Carla estrujó la carne de su cadera frente al espejo, poniendo mala cara a todo lo que veía reflejado. Tapó sus orejas con las manos e intentó esconder sus pies de la imagen del cristal.
Qué nariz, qué pechos más poco atractivos, que vientre respingón, qué muslos adheridos a sus piernas...
Se cubrió los ojos que querían llorar y se acurrucó en el suelo sin apartarse del espejo. Cuanto más se miraba, más quería bajarse la cremallera de la piel para poder meterse en otro cuerpo.
En ese momento Fer pasó por el pasillo y asomó la cabeza dentro de la habitación, donde Carla permanecía semi desnuda intentando ocultarse a sí misma. Ensimismado con lo que tenía delante, sonrió y con la más tierna de las voces se limitó a decir:
- Eres una princesa.

12 de mayo de 2009

Una estrella

Esta noche he alargado el brazo y me he dado cuenta de que alcanzaba a coger una estrella. Siempre he querido una para ser feliz. Pero justo antes de tocarla, ha venido tu imagen a mi cabeza...

Y ya no quiero ninguna estrella.

Cartas

¿Qué quieres? ¿Que vuelva a escribir sobre la Luna? ¿Los besos orgásmicos que me regalabas? ¿Las noches ininterminables leyendo ambos junto a las velas? ¿El champagne que te hacía enloquecer justo antes de decirme que me amabas? ¿Los paseos por el parque compartiendo el atardecer? ¿Sobre lo mucho que te echo de menos?


Pues no puedo, se me ha acabado la tinta.

La tinta y las ganas de seguir rimando versos para que vuelvas a buscarme. Porque si he tirado todas tus miradas y he vendido todas tus caricias, no entiendo cómo no consigo librarme de tu turbio recuerdo.¿Que lo ignore? ¿Que me haga la loca? No, cielo, YA estoy loca.
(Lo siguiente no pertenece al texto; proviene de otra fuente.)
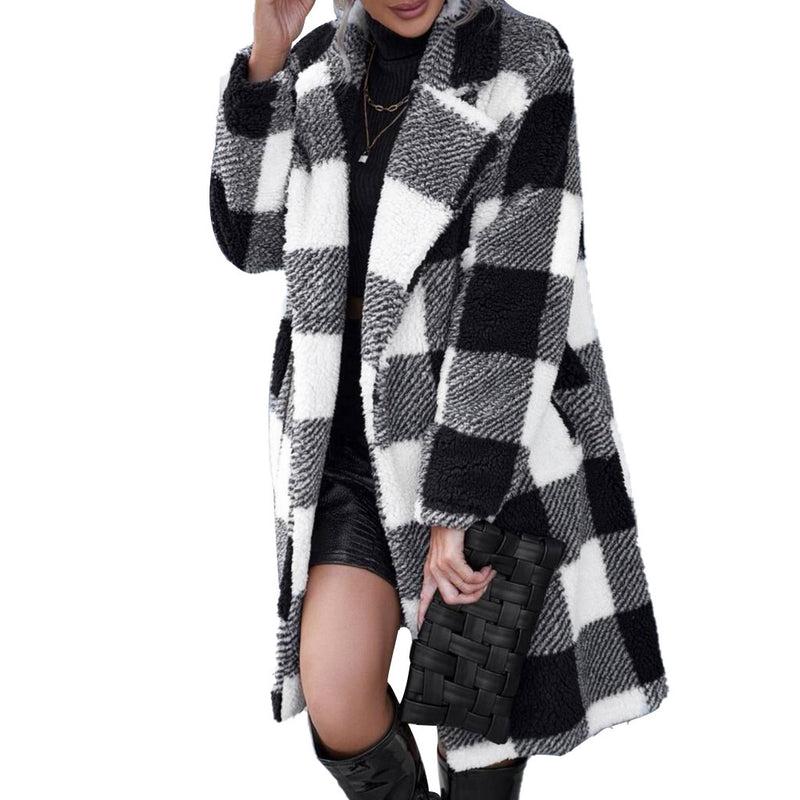 Women's Lapel Long Sleeve Non-buckle Plaid Long Coat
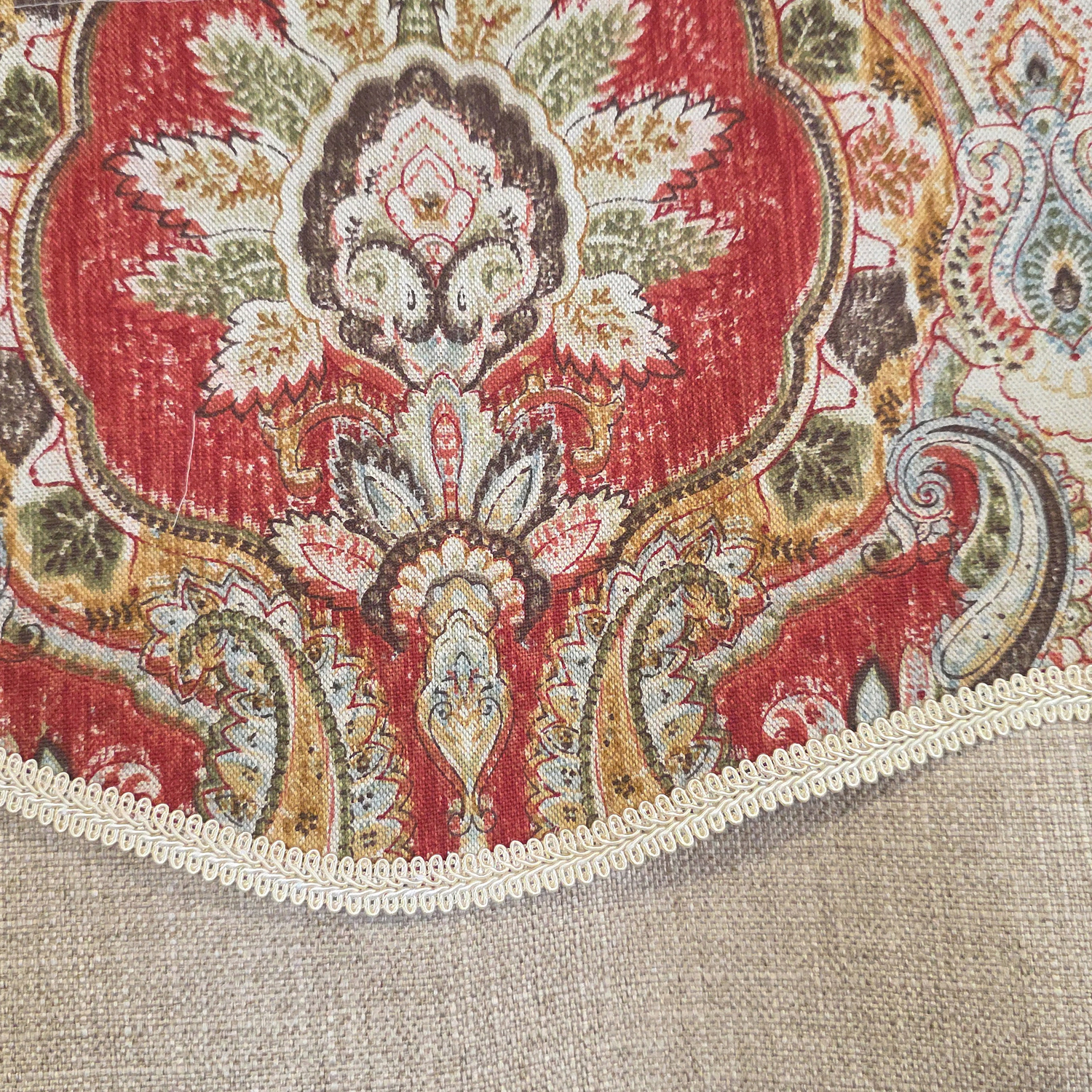 RLF Home 100% Cotton Prague Trimmed Glory Lined Window Valance 50 x 17 Mauve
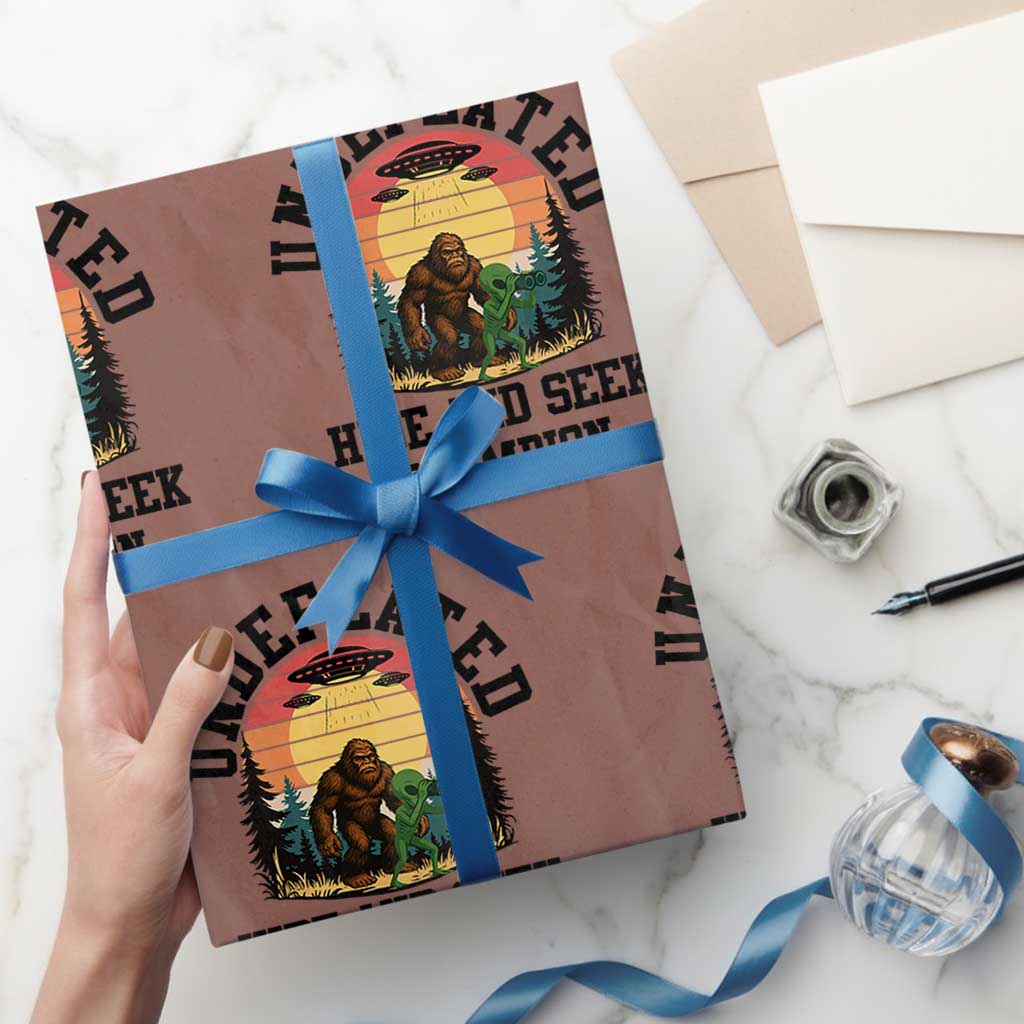 Funny Bigfoot And Alien Gift Wrapping Paper Roll Undefeated Hide And Seek Champion TS12 Mocha Print Your Wear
Porque papá me decía que no era cuerdo ni de señoritas, quedarme tirada en el suelo con una copa de whisky manchada de carmín.
Te llevaste la maleta, tus fotografías, el paragüas, mis fuerzas, mis ganas de buscar un nuevo futuro, mi sonrisa y las grapas que podría usar para fingir una.Y ahora ¿Qué? Ahora vuelve y dame una razón de peso para creer tus excusas o para olvidarme de todo. Vuelve para ayudarme a escribir la carta que hace meses garabateo y que sé que jamás recibirás. Vuelve para llevarte lo que aquí te queda: mi corazón -o sus restos- y los vasos llenos de lágrimas que llevan tu estúpido nombre.Pero, si no piensas regresar, hazme el favor de dejar de caminar por los pasillos de esta casa, de dejar de aparecer en mis sueños y convencer a mi mente para que no te reclame en la soledad de mis noches. Si no piensas regresar, coge esta carta y quémala hasta que se combierta en polvo que se esfume por la chimenea. Porque tu recuerdo es la cárcel de mi descanso, y estas palabras, las cadenas que me atan a la más dura eternidad.

Drogas

Toda mi vida me han dicho que es malo drogarse. Que las sustancias alucinógenas que alteran mi organismo, son perjudiciales y me matarán. Papá, mamá, debéis saber que nunca os he hecho caso; cada noche vacío su esencia en jeringuillas que me inyecto en pequeñas dosis para llevarle siempre dentro de mí. Porque él es la sustancia que hace alucinar a mi organismo y sin la cual, no puedo vivir.